EPO streamlines patent application to grant

Frustration and grumbles about the sometimes extraordinary lengths of time the European Patent Office (EPO) can take to process a patent application through to grant are commonplace. Following consultation the EPO has now announced an ’Early Certainty from Search’ scheme aimed at improving its service

The scheme, which came into force in July 2014, has the following objectives:

• Search reports and accompanying patentability opinions should be issued within six months from filing for all applications. At present this service is limited to European applications which are first filings (about 20% of all European applications).

• Completion of examinations which have already been started will be prioritised over starting new examinations. This is aimed at clearing the back-log of partially examined old applications.

• Grant of applications which have received a positive search report and opinion will be expedited.

• Processing of applications on which non-anonymous substantiated third party observations are filed will be prioritised, using the existing PACE programme for accelerated prosecution. This ability to accelerate prosecution of another party’s application offers an interesting new competitive tactic. However, many PACE requests currently filed do not produce the desired acceleration owing to excessive EPO workloads, so the tactic may not prove of use or interest.

• Handling of opposition, limitation and revocation cases will be prioritised. This will presumably be at the expense of some other procedures, although which might suffer has not been made clear. However, a faster opposition process will no doubt be welcome news to many. Oppositions can currently drag on for several years and so compare unfavourably with the USPTO’s new (albeit much more expensive) post-grant and inter-partes review procedures which must conclude within a year.

Hence, the scheme does not offer increased speed across all stages of prosecution.
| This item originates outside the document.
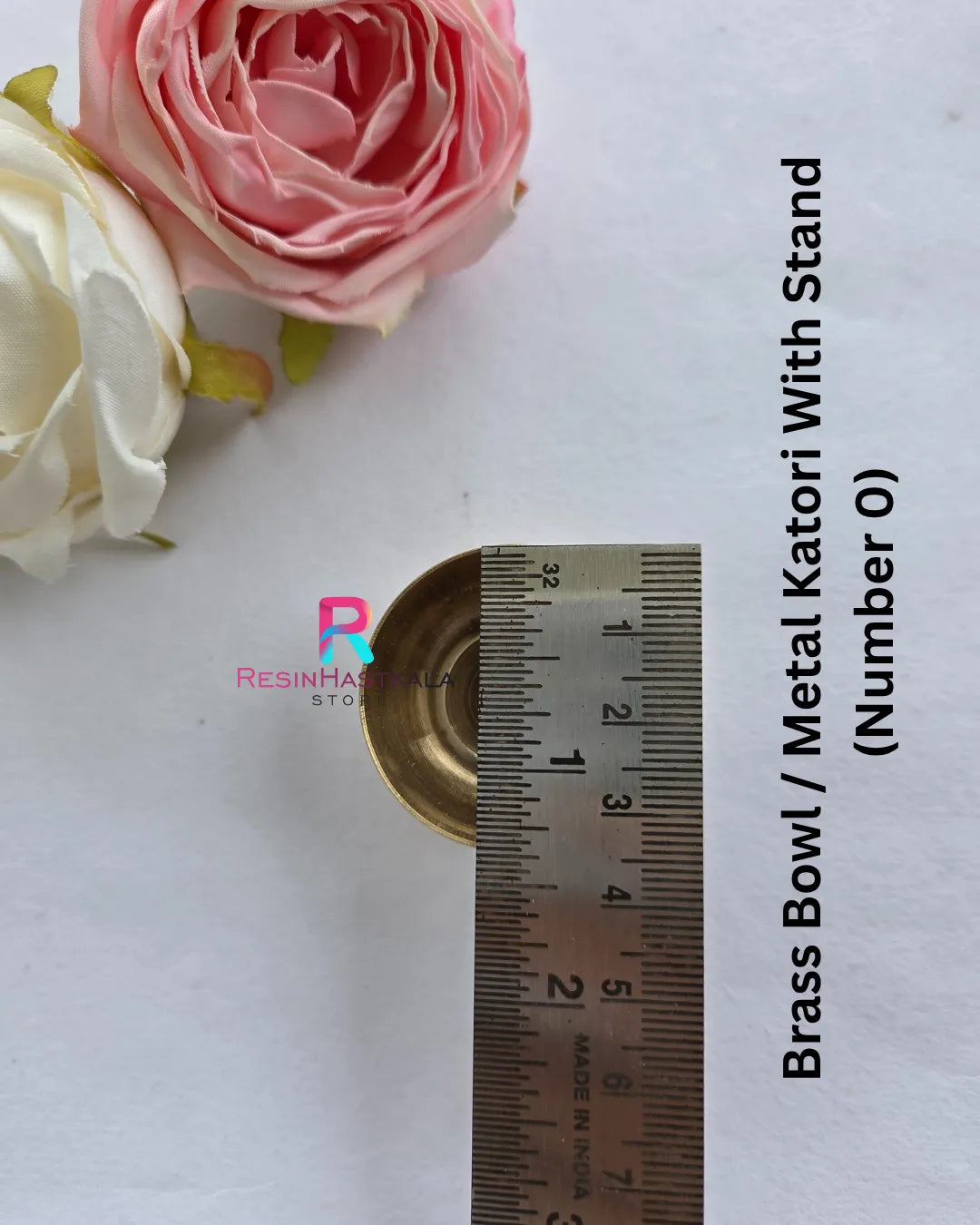 Brass Bowl / Metal Katori With Stand (Number 0)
Indeed, one wonders what will become of those applications which have received the promised prompt search report and opinion but not yet had an examination report, and which therefore fall between two tenets of the scheme. The EPO’s intention is not to provide a swift grant for all, however (probably this is too ambitious, and indeed is not always desired by applicants). Rather, the concentrating of examiner time on searches aims to improve certainty for companies and inventors by providing meaningful patentability data to inform patenting strategies at an early stage. Benefit to the public in the form of enhanced transparency by offering an early overview of prior art and patentability is also cited.